果然,朱越仔仔细细掂量着手中那半只蟹,悠悠地说:“该到谁啦?”博浪沙不成文的规矩,杀鸡捕鱼开荤的时候,总要给博上守塔的送一份,这个送菜的差事是由不在塔上的城守轮换的。近日出海的次数不少,送菜的生意也兴隆,大家正吃得高兴,忽然开始算该轮到谁送菜,明显都是一头雾水。好一阵子,桌边迟疑地举起一只手来,老酒一脸苦相地说:“老大,好大雨啊!”这家伙胆小谁都知道,晚上送菜本来就是他恨做的事情,何况今天外面这样黑,又湿又滑的,这可真要了他的命。

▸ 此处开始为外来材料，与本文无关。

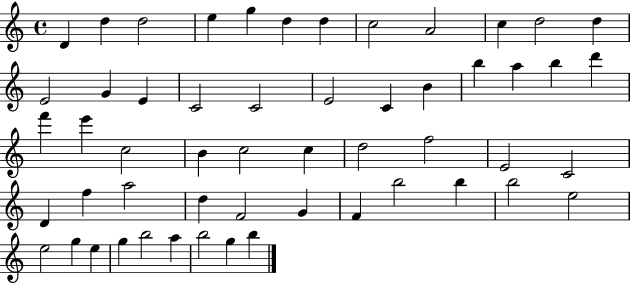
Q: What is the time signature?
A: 4/4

朱越笑眯眯地说:“你听。”原来煮蟹吃蟹事大,大家都忘记了时间。现在已经近了夜半时分,虽然雨还是下,可听着雨声已经没有先前那样骤烈。老酒望着黑洞洞的门外,满脸是恐惧的神色,似乎连刚吃下的青蟹都要吐了出来。僵了一刻,朱越叹了口气:“算了,这次我去吧。下次轮到我时你去。”大蓝一把拦住他:“越哥,这规矩总是规矩,你添的什么乱。”他斜一眼老酒,“小谷,怎么说你也是七尺男儿,怕黑能怕一辈子?”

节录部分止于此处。